I don’t know what a boy chick is – perhaps through writing here I will arrive at a definition. I do know when I heard a friend refer to herself as a “boy chick” I thought “YES” – I am too. You see I have never given a lot of thought to gender – except that I have always felt not exactly male or female. I play in other words with gender –at least I suppose I do. I confuse people a bit – straight men, straight women, gay men, lesbians have all at times found me attractive. It confuses me but then frankly it doesn’t …I like it if people find me attractive. Who doesn’t.
But I do seem to lack a simple definition or at least I hope I do. I hate labels and a world of black, white, male, female, short, tall, gay, straight — I like shades of grey, blurry lines and fuzzy edges. Questions not answers. Enigmas. I’m completely comfortable in other words with confusion.
I do know a boy chick when I see one but if I referred you to Drew, Beth, Liz well you would have no idea who I mean. So let me instead share a list of woman I think of as “boy chicks”…Kate Moennig, Jackie Warner, Melissa Ferrick, Jenny Shimizu.
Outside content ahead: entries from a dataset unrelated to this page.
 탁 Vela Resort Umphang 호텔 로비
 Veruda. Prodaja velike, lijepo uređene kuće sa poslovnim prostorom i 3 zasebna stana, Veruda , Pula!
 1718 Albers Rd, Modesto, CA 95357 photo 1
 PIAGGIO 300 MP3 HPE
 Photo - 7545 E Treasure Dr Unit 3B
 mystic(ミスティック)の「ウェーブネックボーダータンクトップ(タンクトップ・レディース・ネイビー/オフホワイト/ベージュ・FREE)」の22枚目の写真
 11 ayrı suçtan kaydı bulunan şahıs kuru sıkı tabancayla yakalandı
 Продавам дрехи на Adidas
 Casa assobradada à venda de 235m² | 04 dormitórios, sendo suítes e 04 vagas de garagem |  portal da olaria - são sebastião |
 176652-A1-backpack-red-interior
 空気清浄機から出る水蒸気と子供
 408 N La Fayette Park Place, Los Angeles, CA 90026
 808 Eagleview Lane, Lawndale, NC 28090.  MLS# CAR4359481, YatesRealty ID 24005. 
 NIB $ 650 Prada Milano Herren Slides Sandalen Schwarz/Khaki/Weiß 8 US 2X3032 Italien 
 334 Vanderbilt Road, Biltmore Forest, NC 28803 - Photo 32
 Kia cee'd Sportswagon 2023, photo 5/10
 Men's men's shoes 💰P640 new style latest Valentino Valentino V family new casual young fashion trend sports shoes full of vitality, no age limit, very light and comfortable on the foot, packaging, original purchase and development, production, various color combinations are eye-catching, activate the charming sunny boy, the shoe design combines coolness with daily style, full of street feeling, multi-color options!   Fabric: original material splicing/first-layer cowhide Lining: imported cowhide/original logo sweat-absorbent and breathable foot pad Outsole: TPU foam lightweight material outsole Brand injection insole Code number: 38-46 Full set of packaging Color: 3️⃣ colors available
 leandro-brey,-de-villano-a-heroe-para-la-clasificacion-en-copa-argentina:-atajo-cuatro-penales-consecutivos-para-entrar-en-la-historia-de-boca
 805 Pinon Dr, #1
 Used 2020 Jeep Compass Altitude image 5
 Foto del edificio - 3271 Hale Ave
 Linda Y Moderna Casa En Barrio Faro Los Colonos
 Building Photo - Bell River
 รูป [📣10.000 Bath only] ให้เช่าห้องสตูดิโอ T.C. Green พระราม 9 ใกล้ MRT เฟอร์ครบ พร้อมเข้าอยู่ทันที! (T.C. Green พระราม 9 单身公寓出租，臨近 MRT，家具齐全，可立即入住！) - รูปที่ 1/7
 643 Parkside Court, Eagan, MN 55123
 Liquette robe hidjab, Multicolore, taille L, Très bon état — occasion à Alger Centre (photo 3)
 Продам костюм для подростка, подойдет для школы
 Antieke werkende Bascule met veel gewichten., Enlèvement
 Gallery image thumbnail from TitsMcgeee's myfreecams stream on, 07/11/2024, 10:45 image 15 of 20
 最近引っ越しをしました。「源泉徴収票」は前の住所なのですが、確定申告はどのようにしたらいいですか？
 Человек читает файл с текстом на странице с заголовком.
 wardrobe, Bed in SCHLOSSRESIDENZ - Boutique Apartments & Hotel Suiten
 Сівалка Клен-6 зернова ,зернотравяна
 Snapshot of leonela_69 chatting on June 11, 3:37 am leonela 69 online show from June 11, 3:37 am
Am I beginning to make any sense? Does it even matter? I am an old boy chick — female but with boyish qualities. Definitely middle aged, definitely queer – definitely feel like a little five year old boy chick inside. In other words while I am getting older, I’m definitely growing down and hope to always maintain a childlike curiosity and playfulness about life. I’m frankly shocked when I look in the mirror and realize I am not as young as I feel inside (or that I don’t look anything like Jenny Shimizu).
So that is who I am.
Welcome, sit down -put your feet up. Oh your Vans are great, I also love red heels…stay a while. Tell me who you are.